• About this task:
Give back, exactly and with nothing else, the lines running from the one that contains "4th image of" to the end of the entries below; do not include pictures.

• Source material:
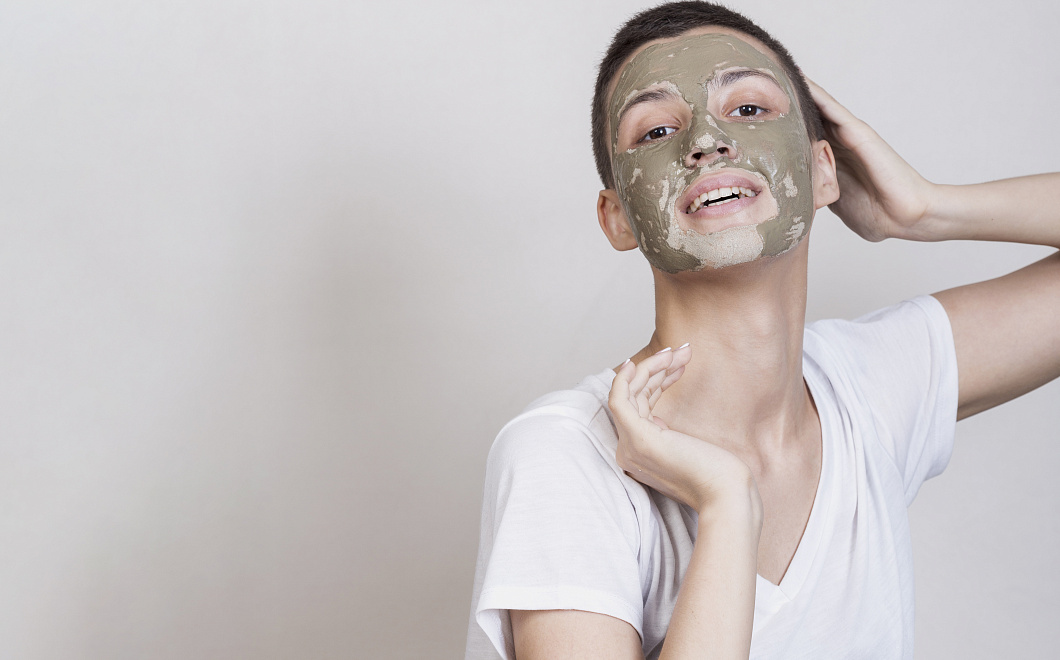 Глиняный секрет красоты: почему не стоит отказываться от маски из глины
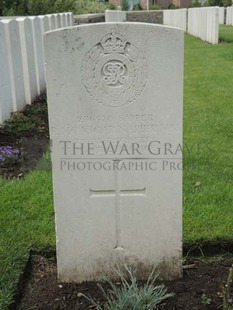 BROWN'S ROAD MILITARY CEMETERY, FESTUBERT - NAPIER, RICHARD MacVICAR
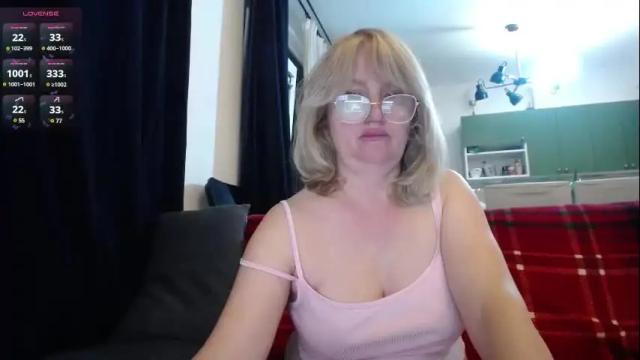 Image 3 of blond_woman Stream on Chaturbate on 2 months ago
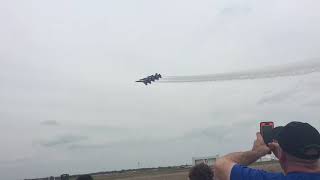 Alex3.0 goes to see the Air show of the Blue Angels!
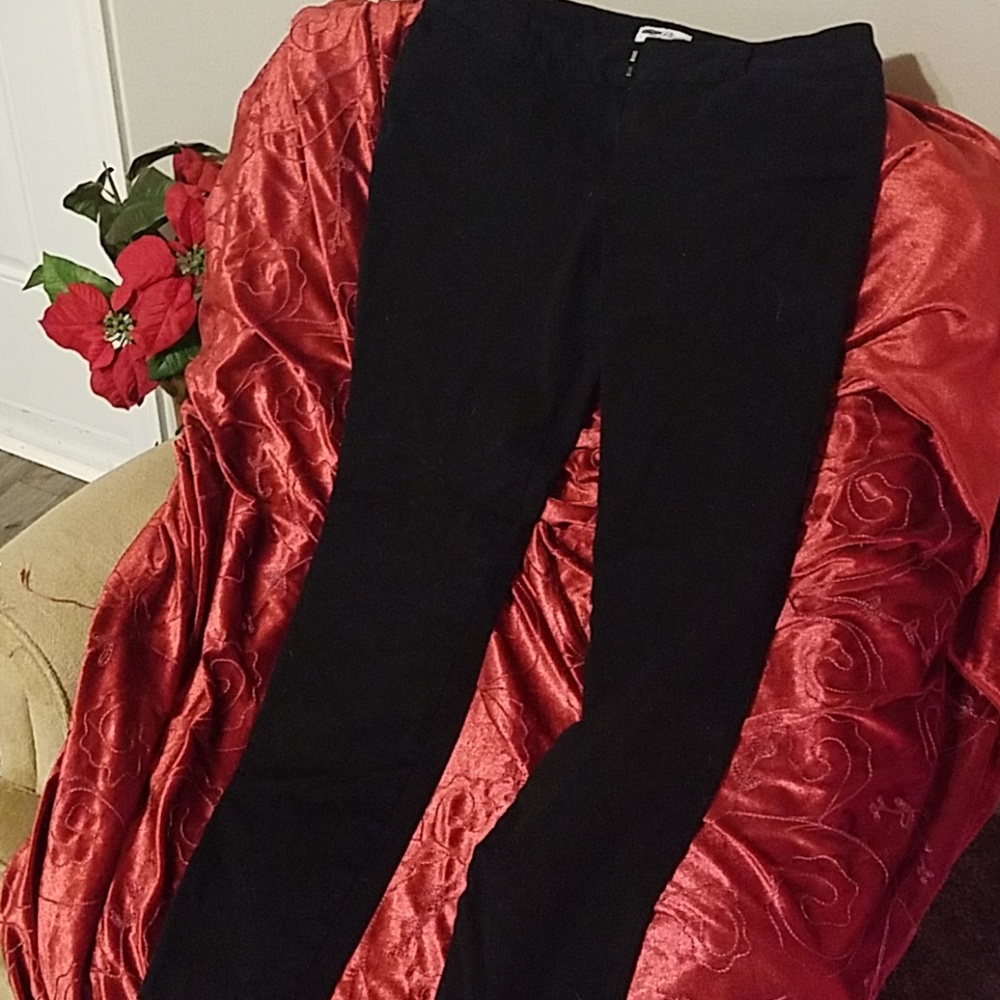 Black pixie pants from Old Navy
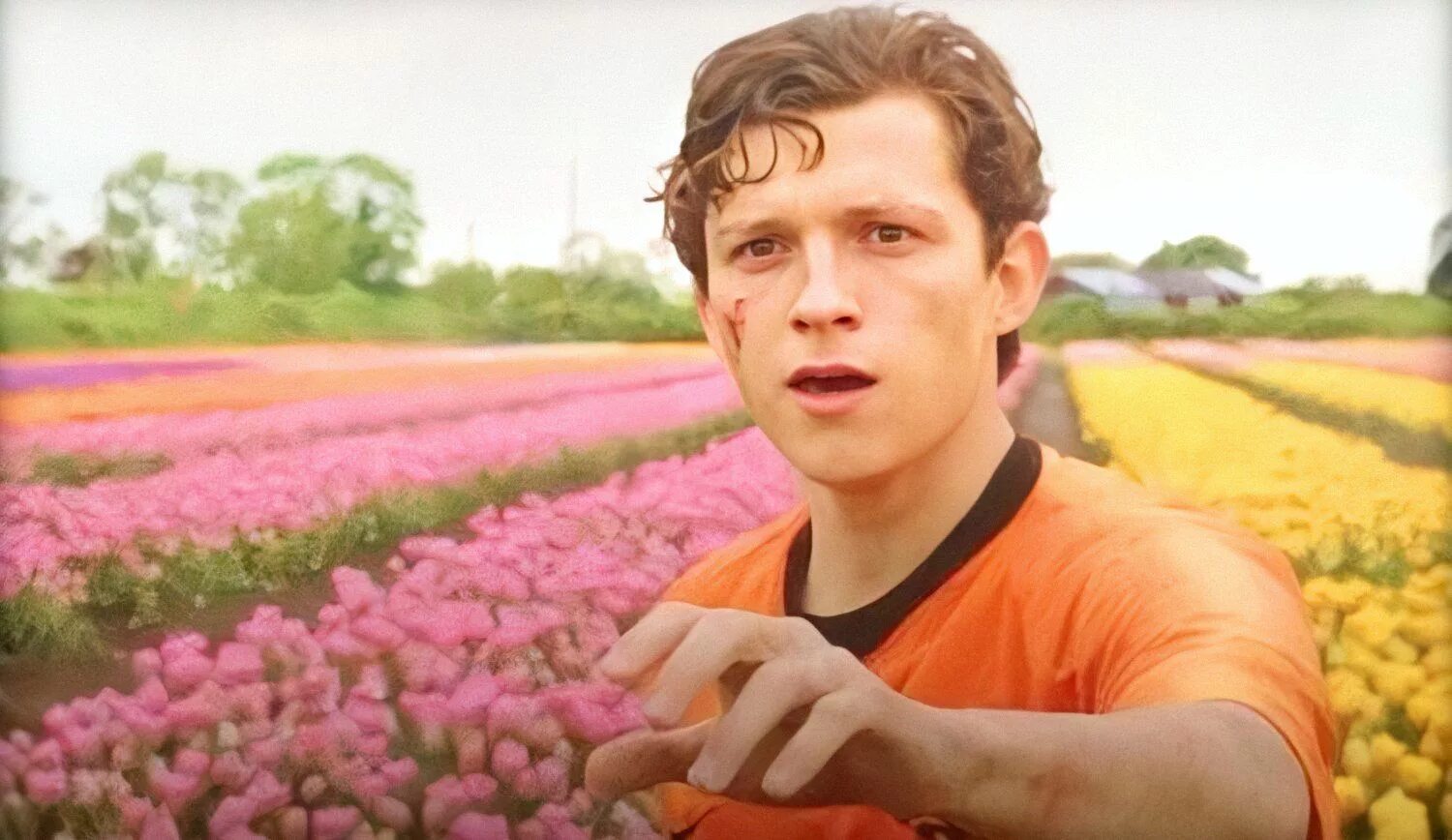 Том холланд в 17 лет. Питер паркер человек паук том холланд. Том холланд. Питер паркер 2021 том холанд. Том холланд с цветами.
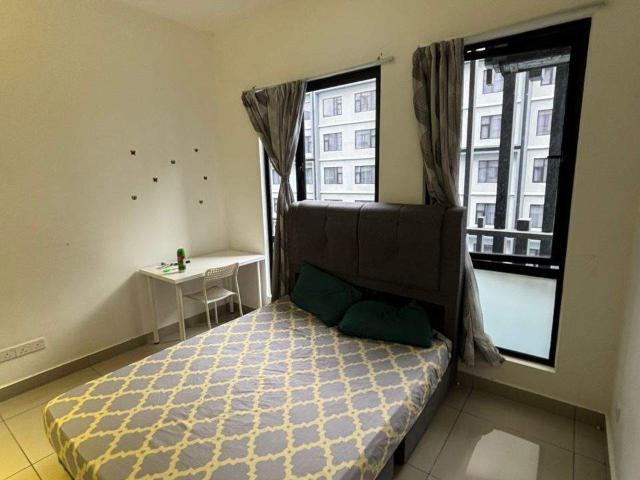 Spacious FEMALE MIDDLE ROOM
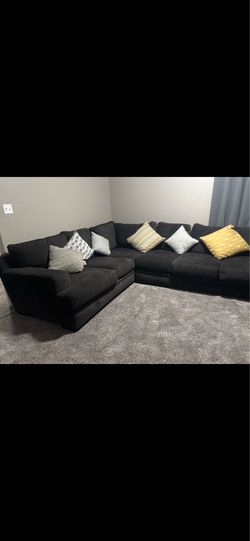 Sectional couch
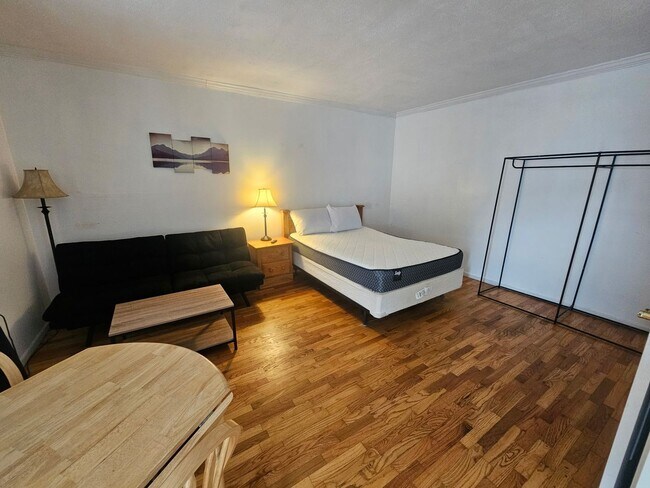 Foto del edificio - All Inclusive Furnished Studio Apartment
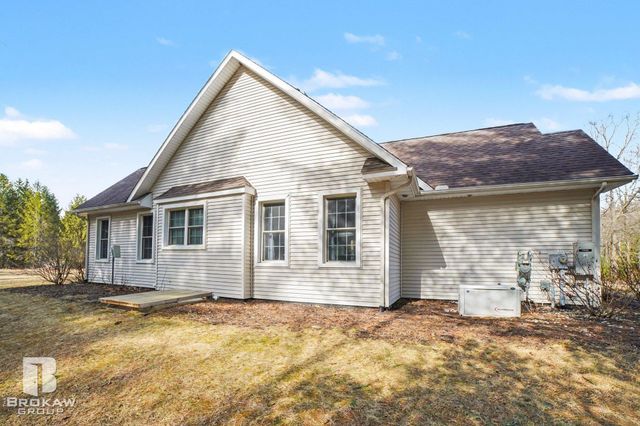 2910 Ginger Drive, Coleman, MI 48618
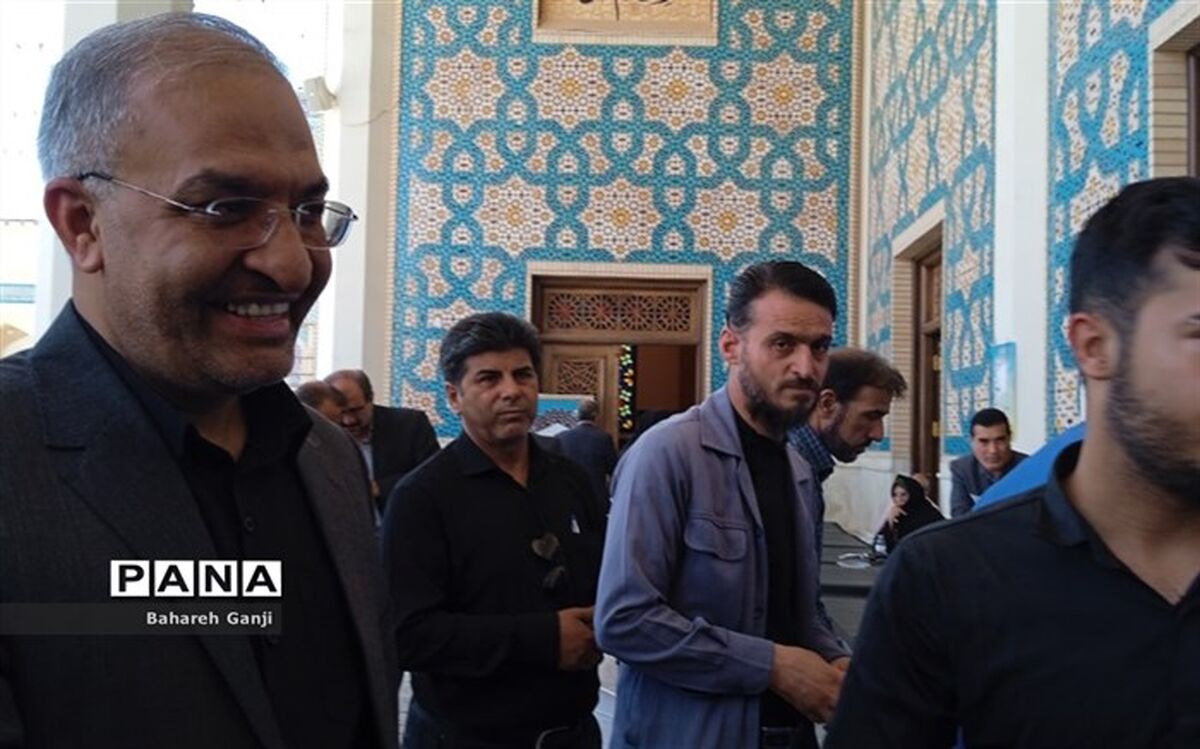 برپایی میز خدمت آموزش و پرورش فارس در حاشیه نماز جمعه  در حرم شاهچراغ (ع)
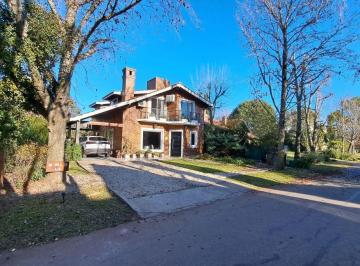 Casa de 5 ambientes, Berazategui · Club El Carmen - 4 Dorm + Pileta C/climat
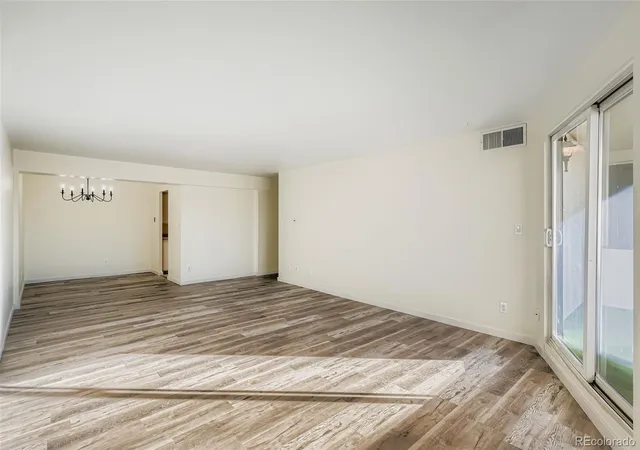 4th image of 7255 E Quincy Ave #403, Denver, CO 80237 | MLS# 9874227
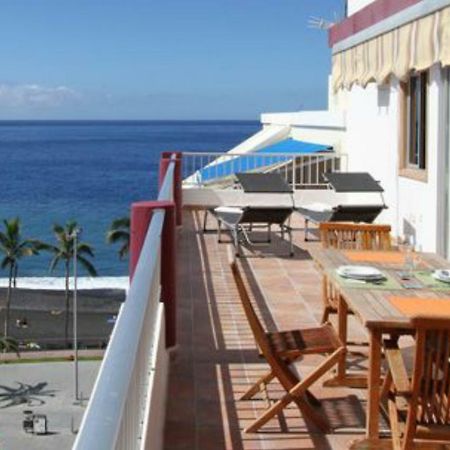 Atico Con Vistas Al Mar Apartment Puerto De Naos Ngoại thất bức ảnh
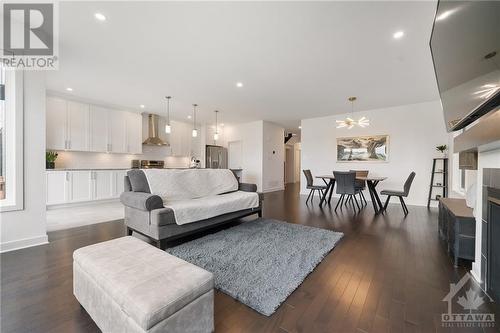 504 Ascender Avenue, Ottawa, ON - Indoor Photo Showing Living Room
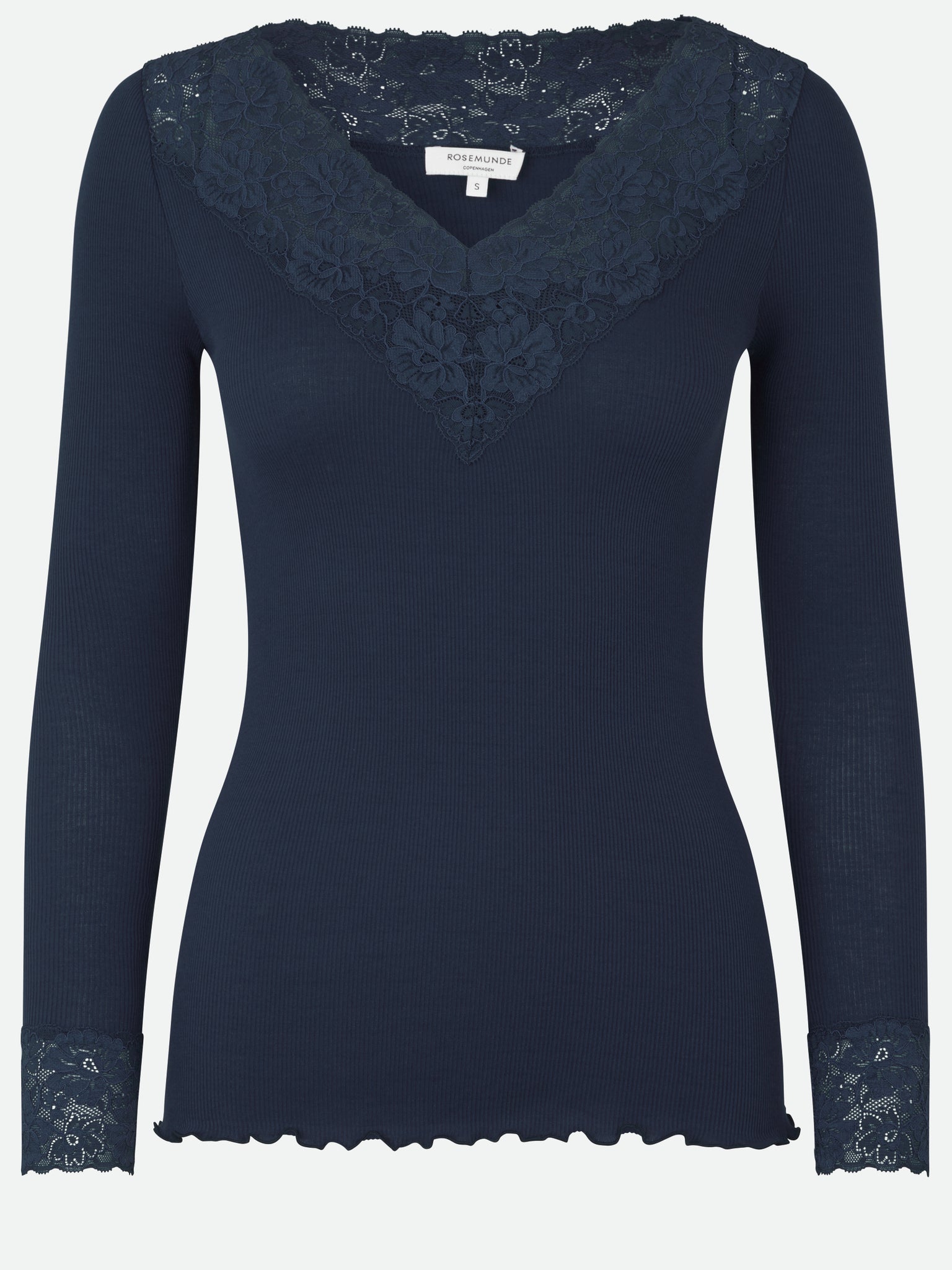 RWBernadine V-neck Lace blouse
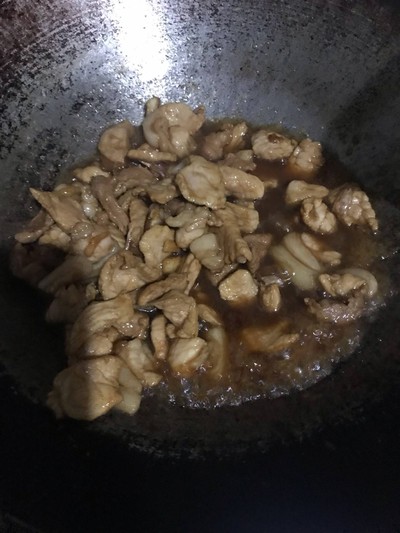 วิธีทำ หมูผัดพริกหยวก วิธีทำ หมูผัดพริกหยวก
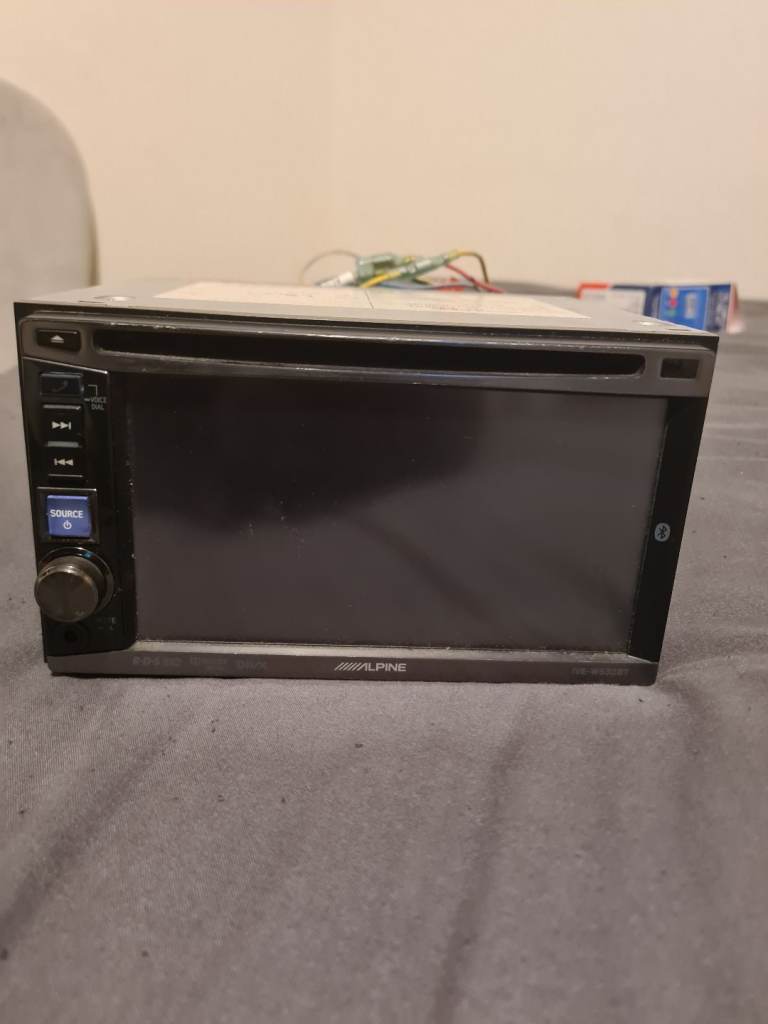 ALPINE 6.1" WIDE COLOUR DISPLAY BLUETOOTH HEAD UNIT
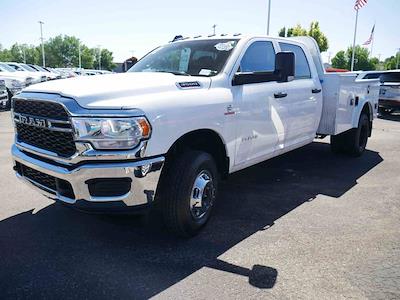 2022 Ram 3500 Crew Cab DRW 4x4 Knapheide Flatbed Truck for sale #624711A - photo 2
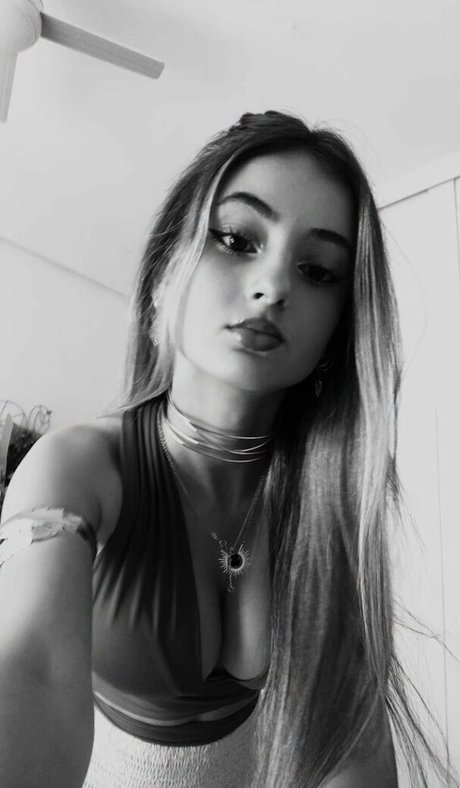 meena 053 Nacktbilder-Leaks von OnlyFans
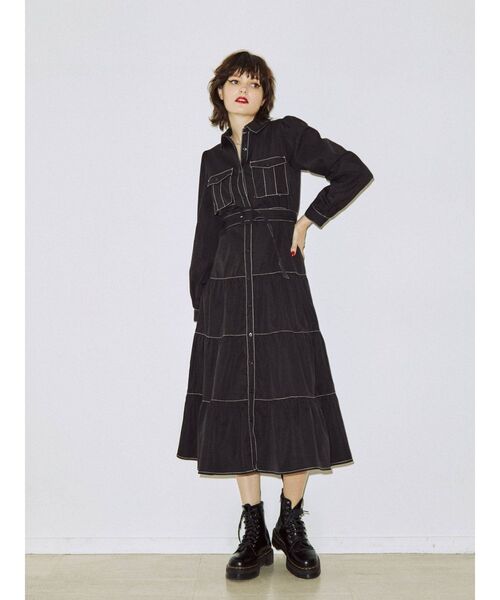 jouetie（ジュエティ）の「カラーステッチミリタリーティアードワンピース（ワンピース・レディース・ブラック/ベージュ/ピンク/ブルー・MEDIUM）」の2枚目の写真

• Solution to the exercise:
 4th image of 7255 E Quincy Ave #403, Denver, CO 80237 | MLS# 9874227
 Atico Con Vistas Al Mar Apartment Puerto De Naos Ngoại thất bức ảnh
 504 Ascender Avenue, Ottawa, ON - Indoor Photo Showing Living Room
 RWBernadine V-neck Lace blouse
 วิธีทำ หมูผัดพริกหยวก วิธีทำ หมูผัดพริกหยวก
 ALPINE 6.1" WIDE COLOUR DISPLAY BLUETOOTH HEAD UNIT
 2022 Ram 3500 Crew Cab DRW 4x4 Knapheide Flatbed Truck for sale #624711A - photo 2
 meena 053 Nacktbilder-Leaks von OnlyFans
 jouetie（ジュエティ）の「カラーステッチミリタリーティアードワンピース（ワンピース・レディース・ブラック/ベージュ/ピンク/ブルー・MEDIUM）」の2枚目の写真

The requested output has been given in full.